§ **EXERCISE PROMPT**
Repeat everything in the data exactly except images.

━━━ GIVEN ENTRIES ━━━

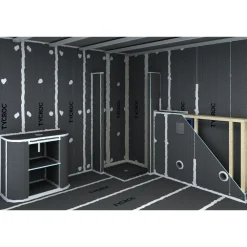 Märkätilalevy TWP 2500x1200x12 mm*Tycroc Online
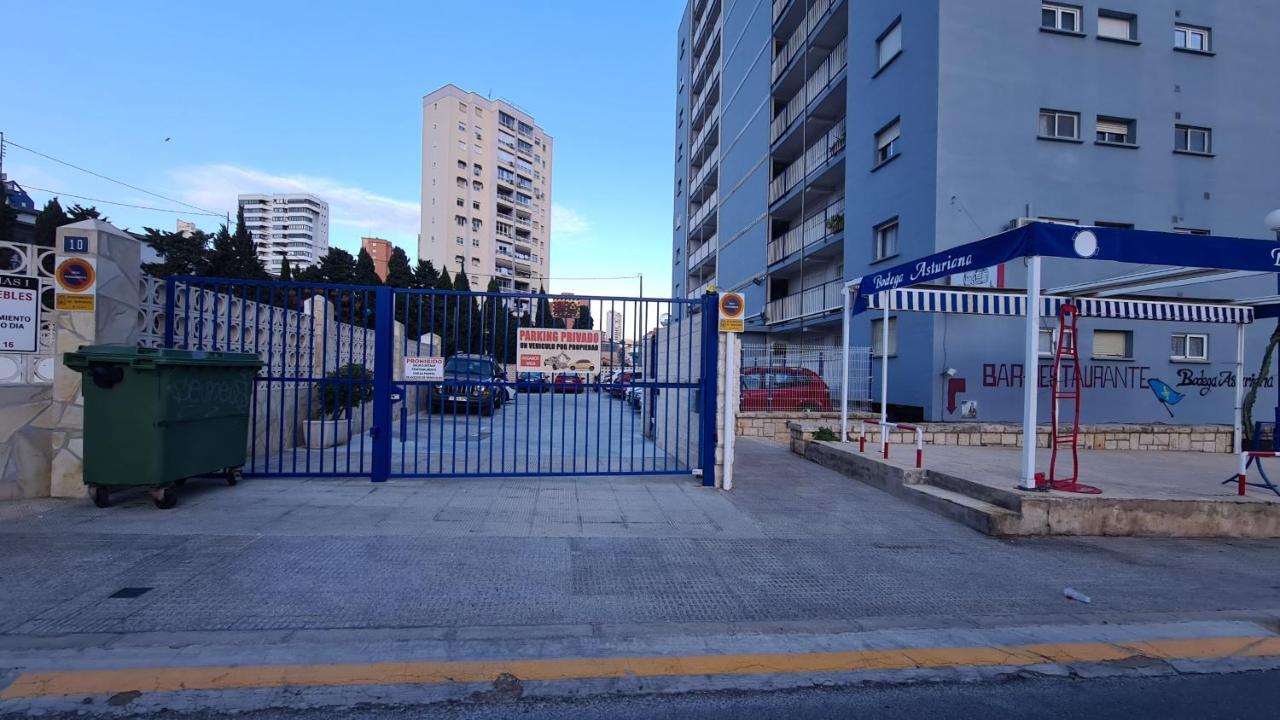 Apartamento Acacias I 3 If Benidorm Buitenkant foto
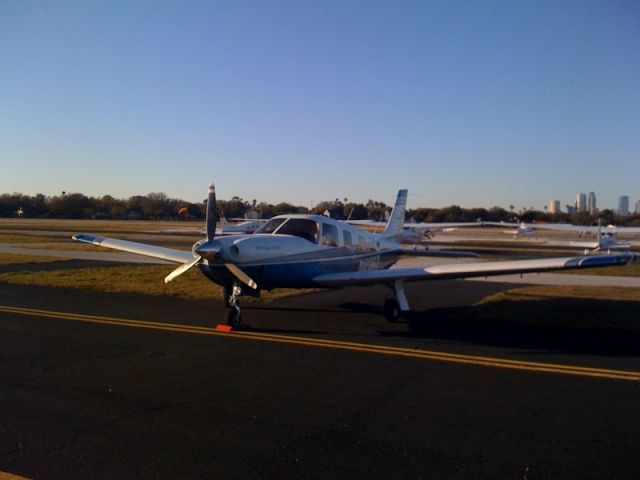 Piper Saratoga (N4136Z)
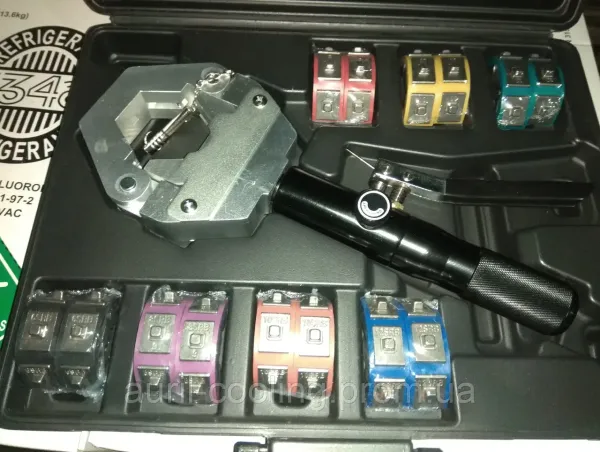 Кримпер ручний гідравлічний для опресування шлангів WK-700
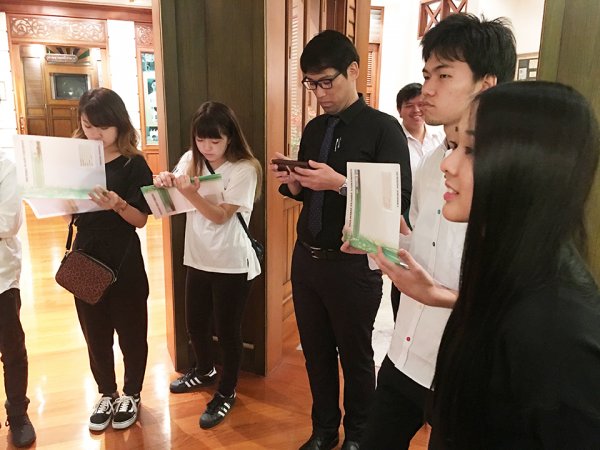 東洋学園大学_DPUの授業に参加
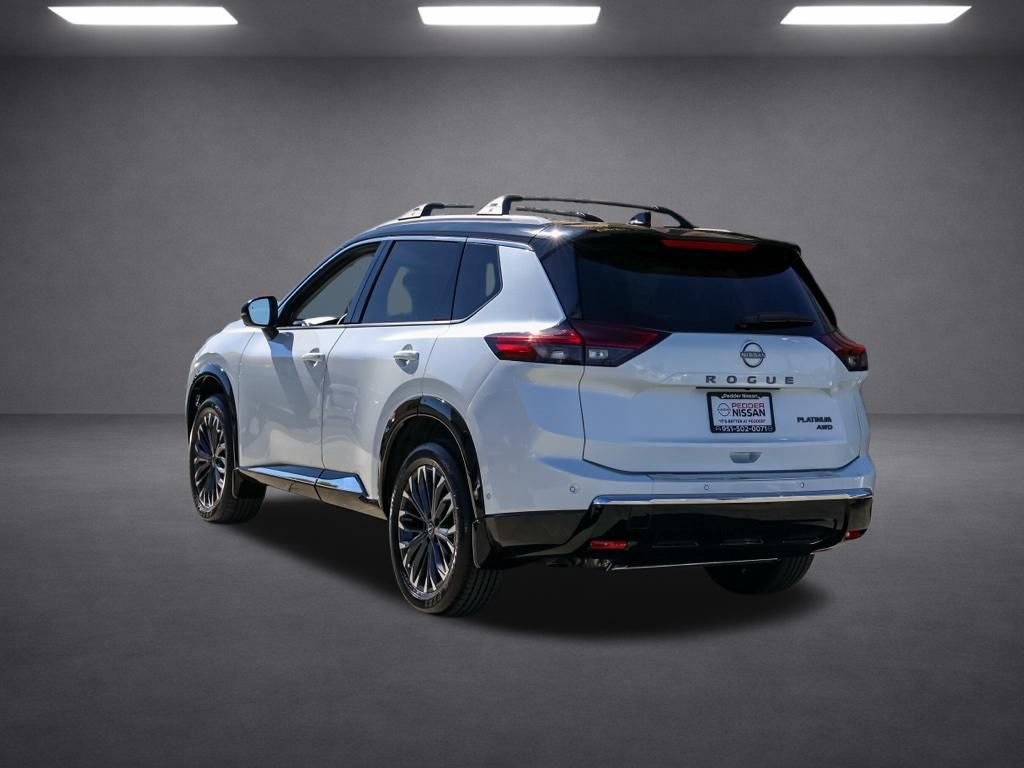 Used 2026 Nissan Rogue Platinum w/ Platinum Premium Package image 6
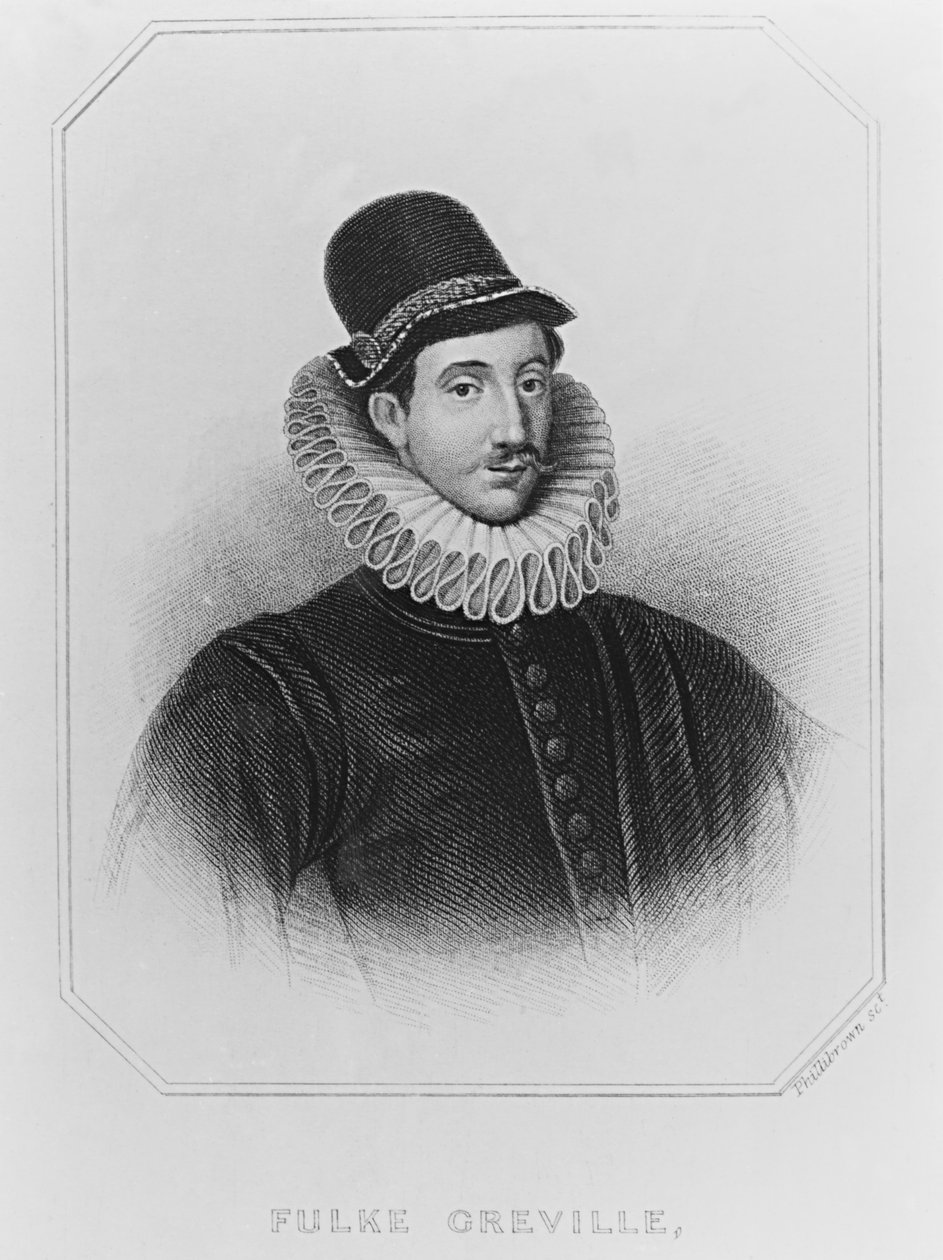 Fulke Greville (1554-1628) 1. báró, Brooke portréja a „Lodge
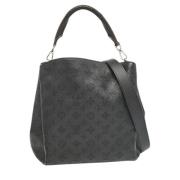 Pre-owned Leather louis-vuitton-bags Louis Vuitton Vintage , Black , D...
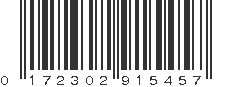 UPC 172302915457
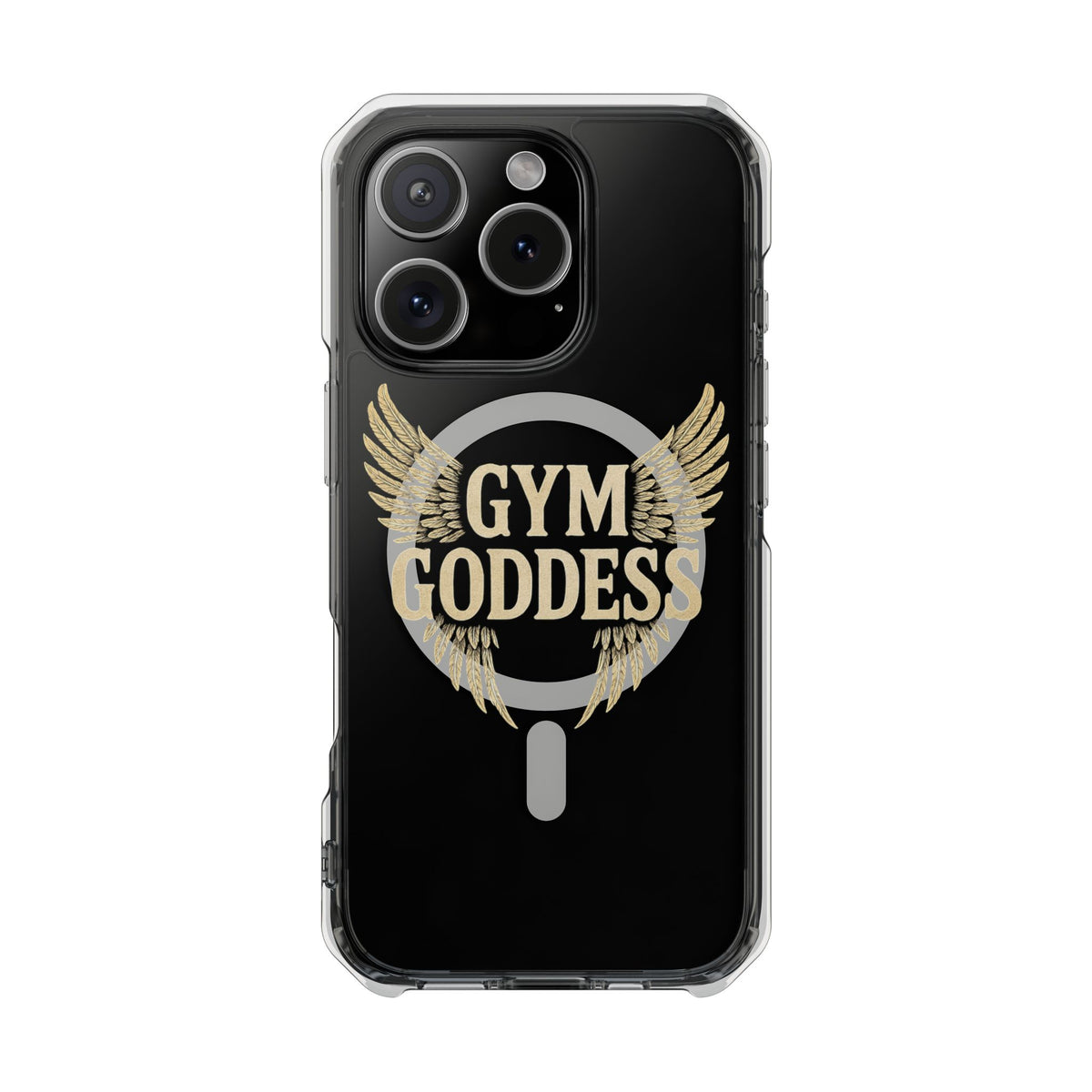 Gym Goddess Magnetic Clear Phone Case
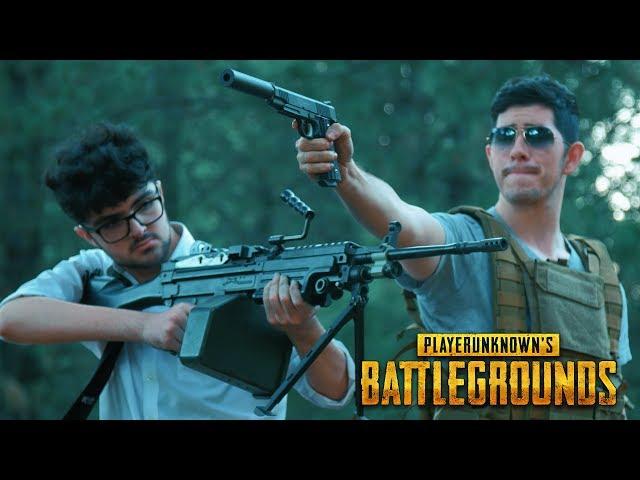 UNKNOWN BATTLEGROUNDS (PUBG Live Action)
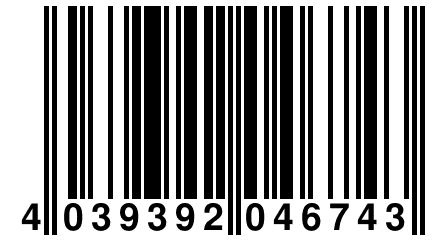 4 039392 046743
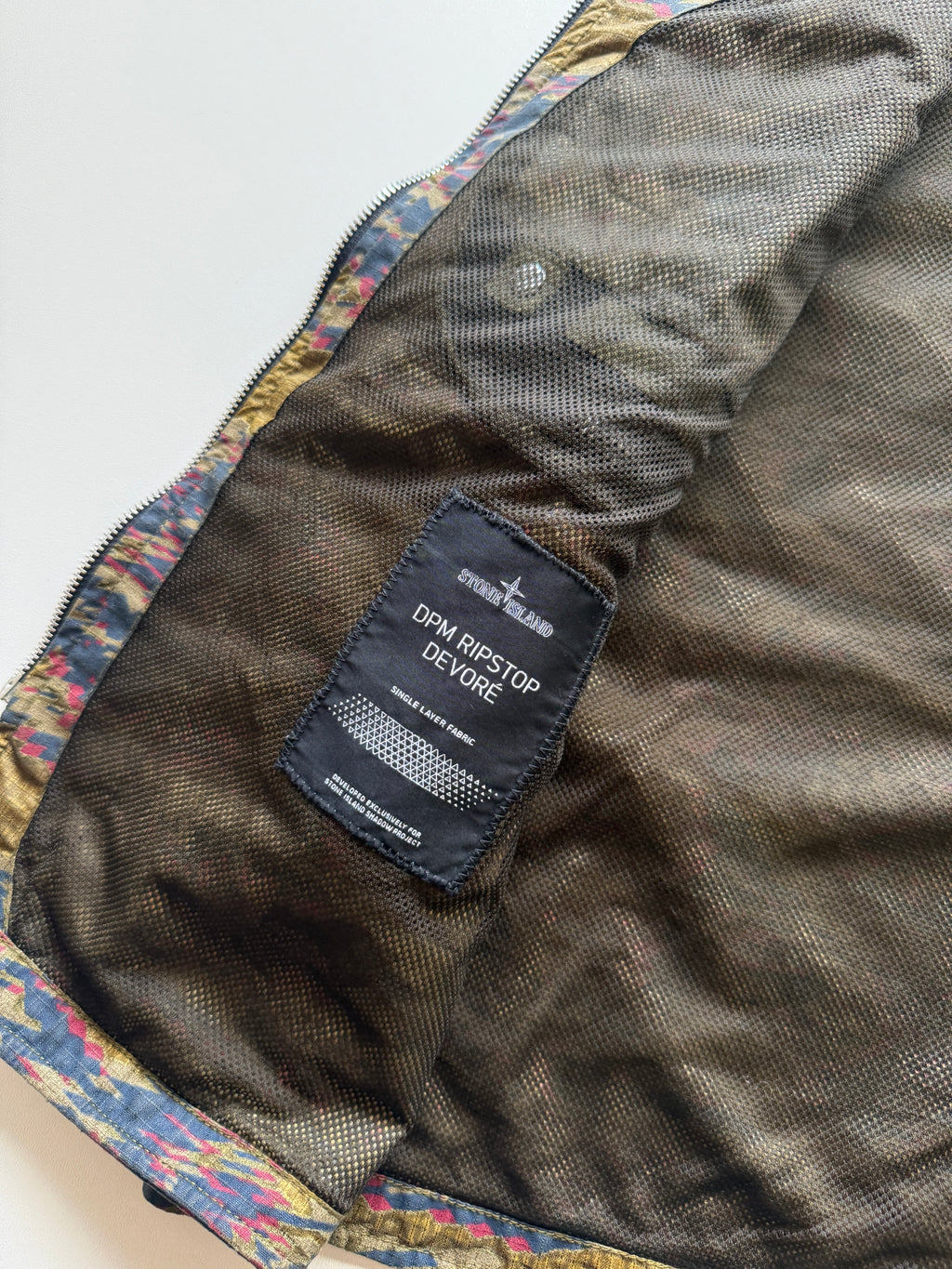 Stone Island Shadow DPM Ripstop Gilet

━━━

§ **SOLUTION TO THE PROBLEM**
 Märkätilalevy TWP 2500x1200x12 mm*Tycroc Online
 Apartamento Acacias I 3 If Benidorm Buitenkant foto
 Piper Saratoga (N4136Z)
 Кримпер ручний гідравлічний для опресування шлангів WK-700
 東洋学園大学_DPUの授業に参加
 Used 2026 Nissan Rogue Platinum w/ Platinum Premium Package image 6
 Fulke Greville (1554-1628) 1. báró, Brooke portréja a „Lodge
 Pre-owned Leather louis-vuitton-bags Louis Vuitton Vintage , Black , D...
 UPC 172302915457
 Gym Goddess Magnetic Clear Phone Case
 UNKNOWN BATTLEGROUNDS (PUBG Live Action)
 4 039392 046743
 Stone Island Shadow DPM Ripstop Gilet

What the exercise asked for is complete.